3.2. Removing the Perspective Effect

Assuming that the road is flat, the perspective image can be remapped in such a way that the features that belong to the road surface are displayed as they are seen from above and their lateral and longitudinal coordinates in the real world are proportional to the pixel coordinates (Figure 2).

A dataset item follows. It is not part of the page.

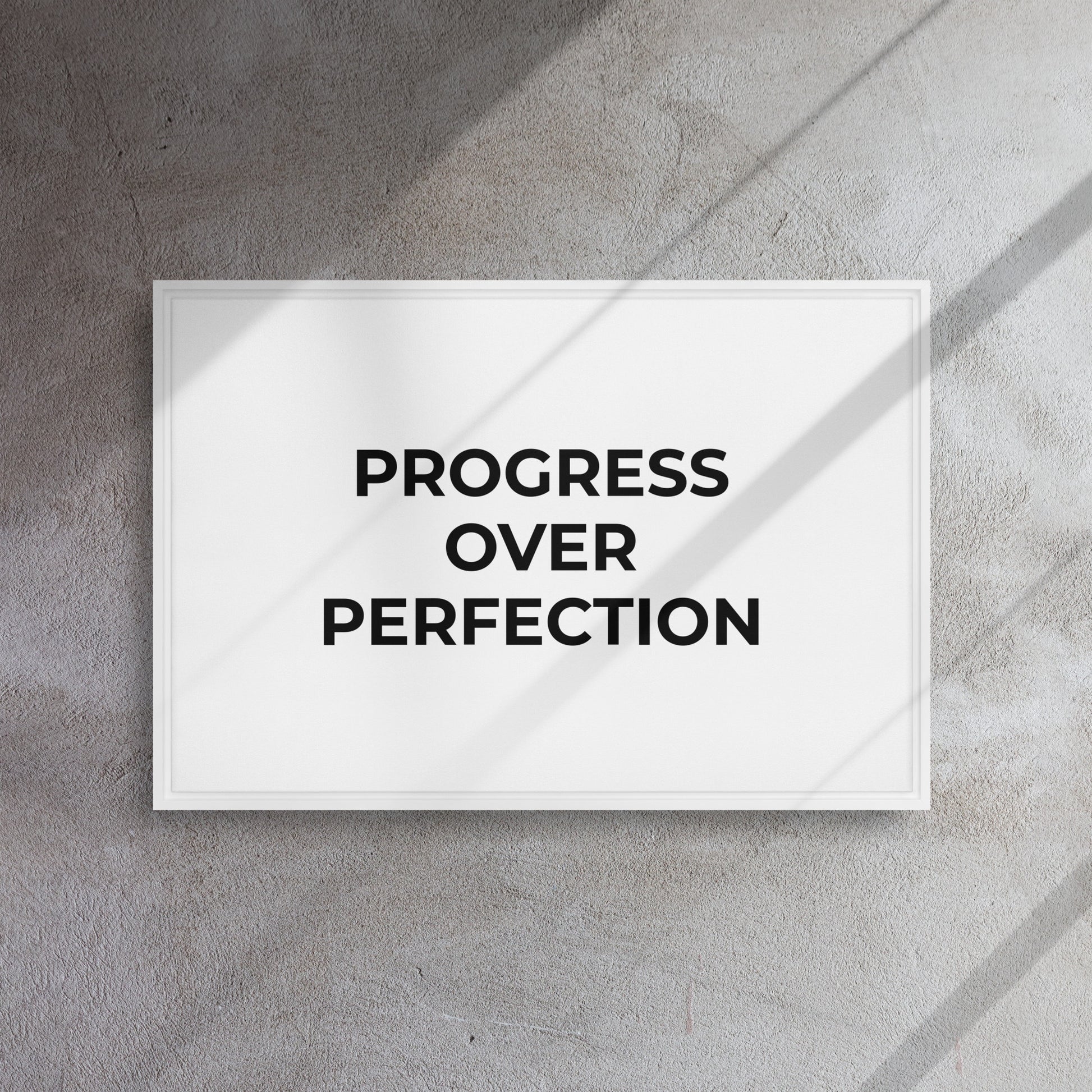 Progress Over Perfection framed canvas motivational wall decor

In the IPM image, the obstacles are deformed, since they do not belong to the road surface and therefore their features do not obey the road geometry. For this reason, only the point of contact between the obstacle and the road is relevant for the next steps of the obstacle detection algorithm, as its position can be directly related to the position of the obstacle in the real world. The camera is assumed to be calibrated (the calibration methodology is described in Section 4), therefore the correspondence between any point in the 3D world and its corresponding projected pixel in the image plane is known. The 3D coordinate system is assumed to have the origin on the ground, below the camera, the x axis pointing to the driver’s right, the z axis indicating the direction of travel, and the y axis the height above the road (xOz) plane.

The removal of the perspective effect is performed using Algorithm 1:

Algorithm 1: IPM Transformation

1 Input: Source image I

2 Output: IPM image I_T

3 For each pixel of coordinates (u_T, v_T) of I_T

4 x = k u_T + x₀

5 z = j v_T + z₀

6 y = 0

7 (u, v) = Projection(x_W, y_W, z_W)

8 I_T(u_T, v_T) = I(u, v)

9 End For

The constants k, j, x₀ and z₀ are chosen in such a way that the most relevant portion of the road plane is displayed in the remapped image. The projection function uses the camera intrinsic and extrinsic parameters, which compose the projection matrix, for mapping a 3D point (expressed in the 3D world coordinates x, y and z), to the image plane.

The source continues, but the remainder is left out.